**What is needed**
Return the run of lines below that opens with the line containing "78 alfa romeo" and closes with the line containing "Nike Sb Dunk Low Barcelona Sneakers", keeping each one exact.

(Source data)
━━━━━━━━━━
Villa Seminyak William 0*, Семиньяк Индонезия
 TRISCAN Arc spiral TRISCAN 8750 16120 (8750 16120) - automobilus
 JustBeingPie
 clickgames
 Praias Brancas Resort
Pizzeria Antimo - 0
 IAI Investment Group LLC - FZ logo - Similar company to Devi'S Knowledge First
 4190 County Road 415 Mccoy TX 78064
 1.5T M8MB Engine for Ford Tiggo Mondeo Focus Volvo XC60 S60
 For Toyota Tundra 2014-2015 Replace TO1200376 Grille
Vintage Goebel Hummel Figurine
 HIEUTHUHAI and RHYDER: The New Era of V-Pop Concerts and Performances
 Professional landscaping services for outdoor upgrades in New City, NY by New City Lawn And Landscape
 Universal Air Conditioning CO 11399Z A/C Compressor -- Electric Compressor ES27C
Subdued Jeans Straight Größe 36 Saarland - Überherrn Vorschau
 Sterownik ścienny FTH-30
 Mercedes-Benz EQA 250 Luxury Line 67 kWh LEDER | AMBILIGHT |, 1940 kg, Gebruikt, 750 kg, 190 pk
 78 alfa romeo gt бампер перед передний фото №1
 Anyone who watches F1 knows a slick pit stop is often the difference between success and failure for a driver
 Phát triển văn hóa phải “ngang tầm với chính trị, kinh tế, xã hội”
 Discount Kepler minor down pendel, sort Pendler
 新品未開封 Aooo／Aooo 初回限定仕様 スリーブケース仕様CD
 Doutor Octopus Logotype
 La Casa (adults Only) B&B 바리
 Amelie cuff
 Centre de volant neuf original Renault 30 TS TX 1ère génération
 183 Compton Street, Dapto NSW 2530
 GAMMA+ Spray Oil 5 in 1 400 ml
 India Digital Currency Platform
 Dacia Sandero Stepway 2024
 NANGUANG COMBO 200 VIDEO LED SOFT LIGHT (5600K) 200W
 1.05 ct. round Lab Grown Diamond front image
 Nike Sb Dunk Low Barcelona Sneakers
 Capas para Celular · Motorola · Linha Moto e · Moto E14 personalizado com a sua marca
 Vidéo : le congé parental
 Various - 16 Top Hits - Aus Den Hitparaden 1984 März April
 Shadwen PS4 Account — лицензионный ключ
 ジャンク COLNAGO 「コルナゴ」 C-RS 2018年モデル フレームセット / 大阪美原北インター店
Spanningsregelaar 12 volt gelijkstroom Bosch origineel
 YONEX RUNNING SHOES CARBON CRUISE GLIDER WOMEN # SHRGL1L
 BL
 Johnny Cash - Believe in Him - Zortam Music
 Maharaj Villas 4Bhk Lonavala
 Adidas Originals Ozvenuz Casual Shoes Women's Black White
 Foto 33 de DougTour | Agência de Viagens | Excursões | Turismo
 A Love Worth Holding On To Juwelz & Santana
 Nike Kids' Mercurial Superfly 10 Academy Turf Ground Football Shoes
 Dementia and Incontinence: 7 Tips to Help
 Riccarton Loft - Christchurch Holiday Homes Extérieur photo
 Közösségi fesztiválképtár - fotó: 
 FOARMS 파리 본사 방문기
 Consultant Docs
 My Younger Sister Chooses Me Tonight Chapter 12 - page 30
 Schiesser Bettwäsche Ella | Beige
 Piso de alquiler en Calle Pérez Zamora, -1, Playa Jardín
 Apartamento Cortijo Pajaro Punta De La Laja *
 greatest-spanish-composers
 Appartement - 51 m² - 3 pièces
━━━━━━━━━━
**Answer area**
 78 alfa romeo gt бампер перед передний фото №1
 Anyone who watches F1 knows a slick pit stop is often the difference between success and failure for a driver
 Phát triển văn hóa phải “ngang tầm với chính trị, kinh tế, xã hội”
 Discount Kepler minor down pendel, sort Pendler
 新品未開封 Aooo／Aooo 初回限定仕様 スリーブケース仕様CD
 Doutor Octopus Logotype
 La Casa (adults Only) B&B 바리
 Amelie cuff
 Centre de volant neuf original Renault 30 TS TX 1ère génération
 183 Compton Street, Dapto NSW 2530
 GAMMA+ Spray Oil 5 in 1 400 ml
 India Digital Currency Platform
 Dacia Sandero Stepway 2024
 NANGUANG COMBO 200 VIDEO LED SOFT LIGHT (5600K) 200W
 1.05 ct. round Lab Grown Diamond front image
 Nike Sb Dunk Low Barcelona Sneakers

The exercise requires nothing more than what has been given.